_Exercise description_
For the data below, retype word for word the lines from the one containing "Showcenter ya en" through the one containing "Un fossoyeur dans"; drop the pictures.

_Records provided_
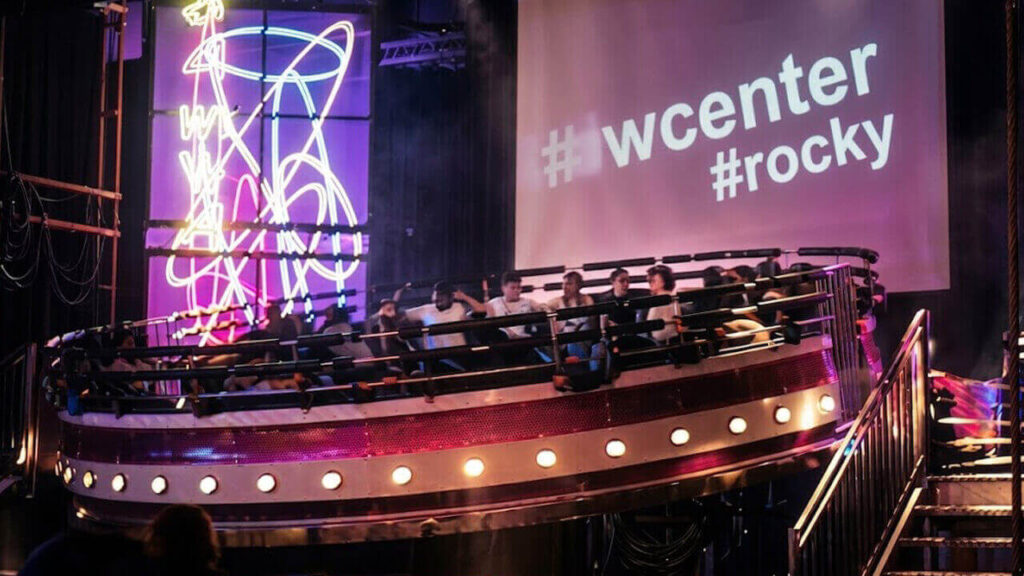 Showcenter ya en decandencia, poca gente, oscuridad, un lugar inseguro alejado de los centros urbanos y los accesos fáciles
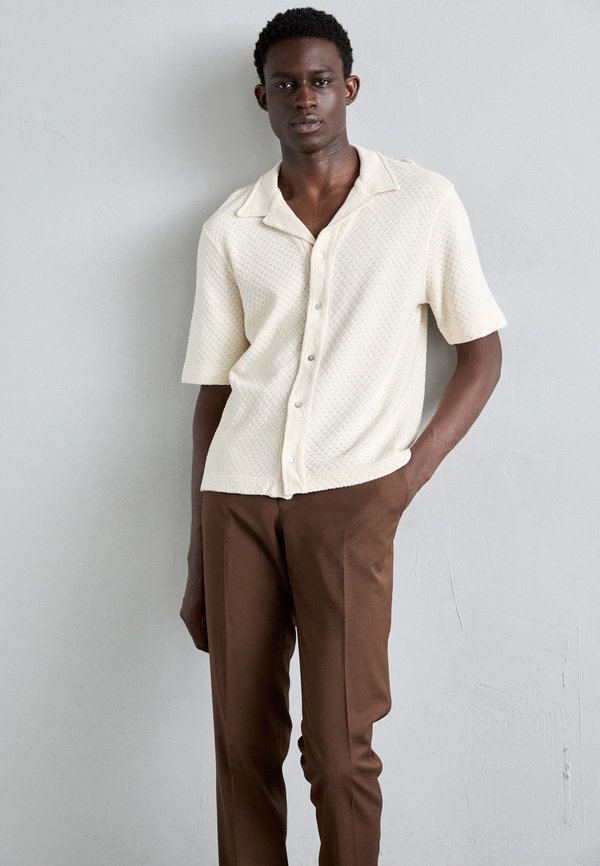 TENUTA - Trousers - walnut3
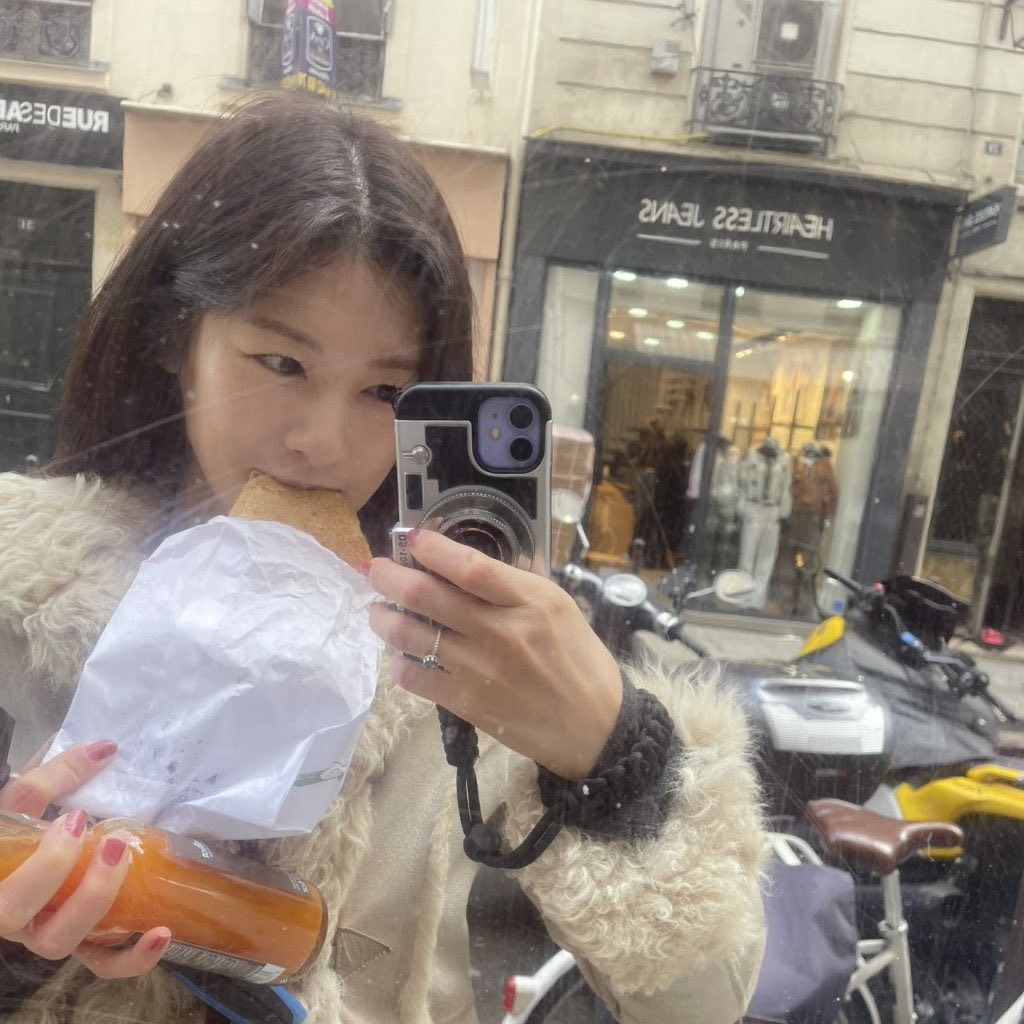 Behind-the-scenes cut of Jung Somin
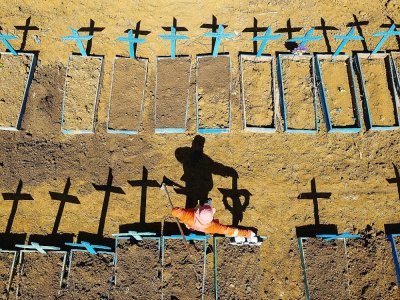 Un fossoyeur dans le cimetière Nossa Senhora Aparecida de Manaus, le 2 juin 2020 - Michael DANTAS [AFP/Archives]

...

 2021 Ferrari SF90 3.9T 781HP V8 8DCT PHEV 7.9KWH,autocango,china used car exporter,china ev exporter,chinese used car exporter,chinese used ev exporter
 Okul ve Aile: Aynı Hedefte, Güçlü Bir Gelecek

_Result for this exercise_
 Showcenter ya en decandencia, poca gente, oscuridad, un lugar inseguro alejado de los centros urbanos y los accesos fáciles
 TENUTA - Trousers - walnut3
 Behind-the-scenes cut of Jung Somin
 Un fossoyeur dans le cimetière Nossa Senhora Aparecida de Manaus, le 2 juin 2020 - Michael DANTAS [AFP/Archives]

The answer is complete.